*** LISTED ENTRIES ***
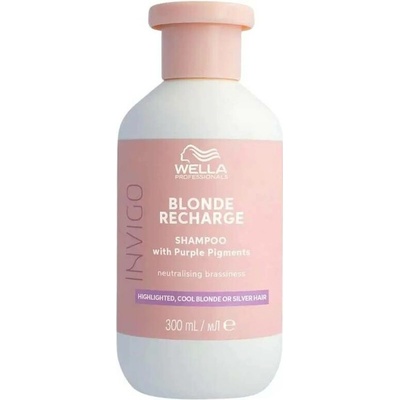 Wella Professionals Šampon pro blond vlasy Invigo Blonde Recharge (Color Refreshing Shampoo) 300 ml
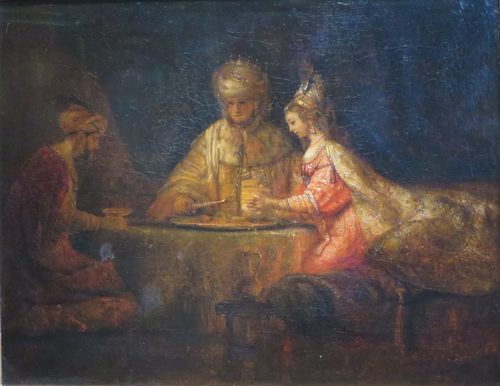 Ahasuerus and Haman at the Feast of Esther — Value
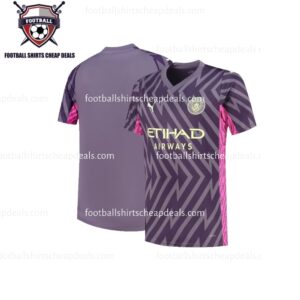 Manchester City Goalkeeper Purple Adult Football Shirt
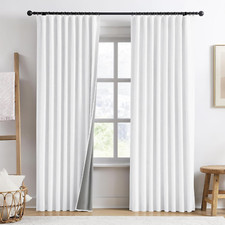 Elegant Snow White 70x84 Inch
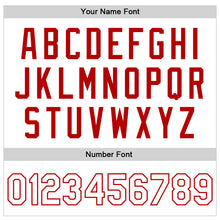 Laden Sie das Bild in den Galerie-Viewer, Custom White White-Red Bomber Full-Snap Varsity Faux Leather Letterman Jacket
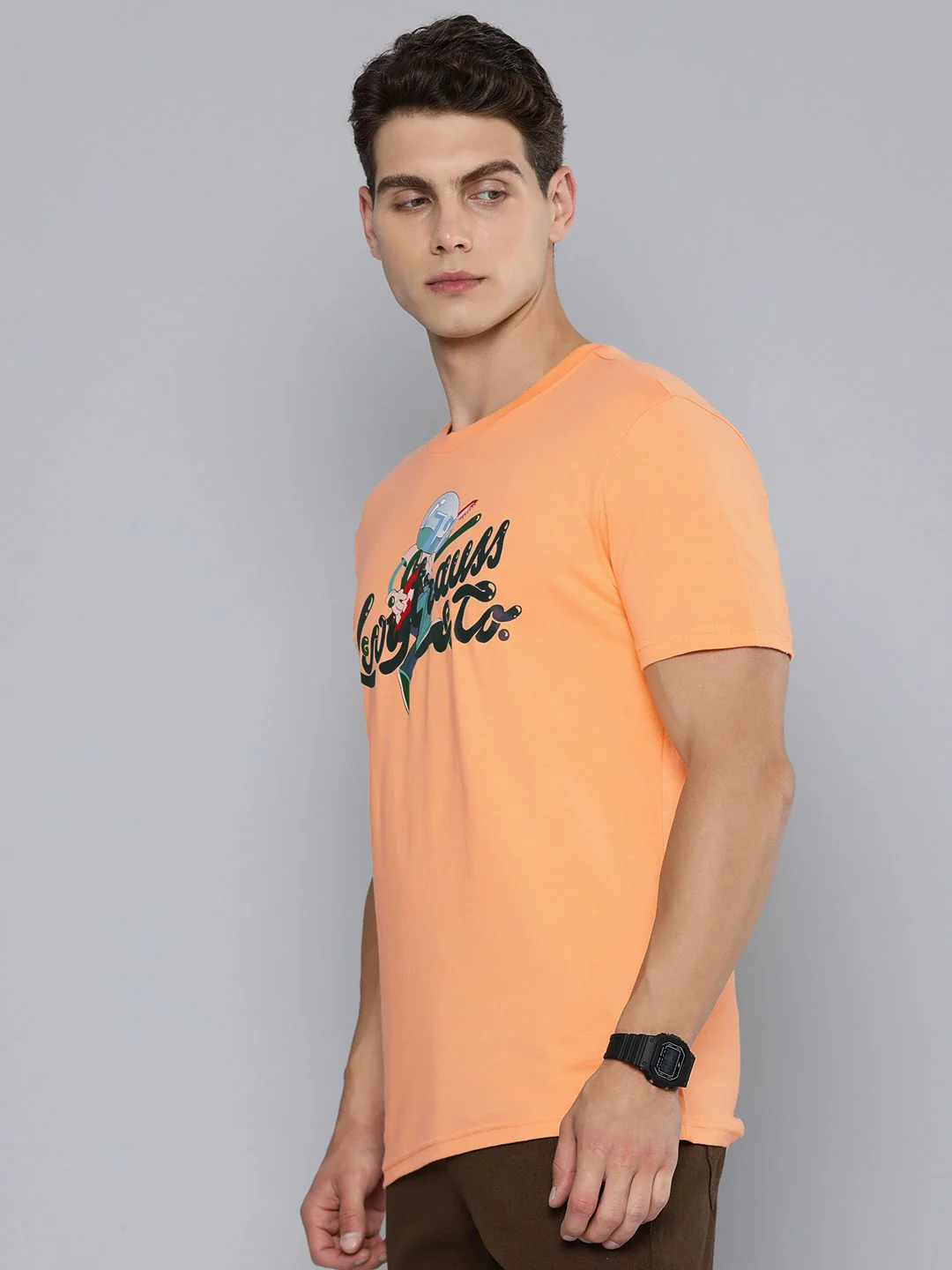 Men's Graphic Print Crew Neck T-shirt - Image 3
*** End of LISTED ENTRIES ***
**EXERCISE DIRECTIONS**
Would you output the full listing exactly as it stands, minus the images?

**SOLUTION TO THIS TASK**
 Wella Professionals Šampon pro blond vlasy Invigo Blonde Recharge (Color Refreshing Shampoo) 300 ml
 Ahasuerus and Haman at the Feast of Esther — Value
 Manchester City Goalkeeper Purple Adult Football Shirt
 Elegant Snow White 70x84 Inch
 Laden Sie das Bild in den Galerie-Viewer, Custom White White-Red Bomber Full-Snap Varsity Faux Leather Letterman Jacket
 Men's Graphic Print Crew Neck T-shirt - Image 3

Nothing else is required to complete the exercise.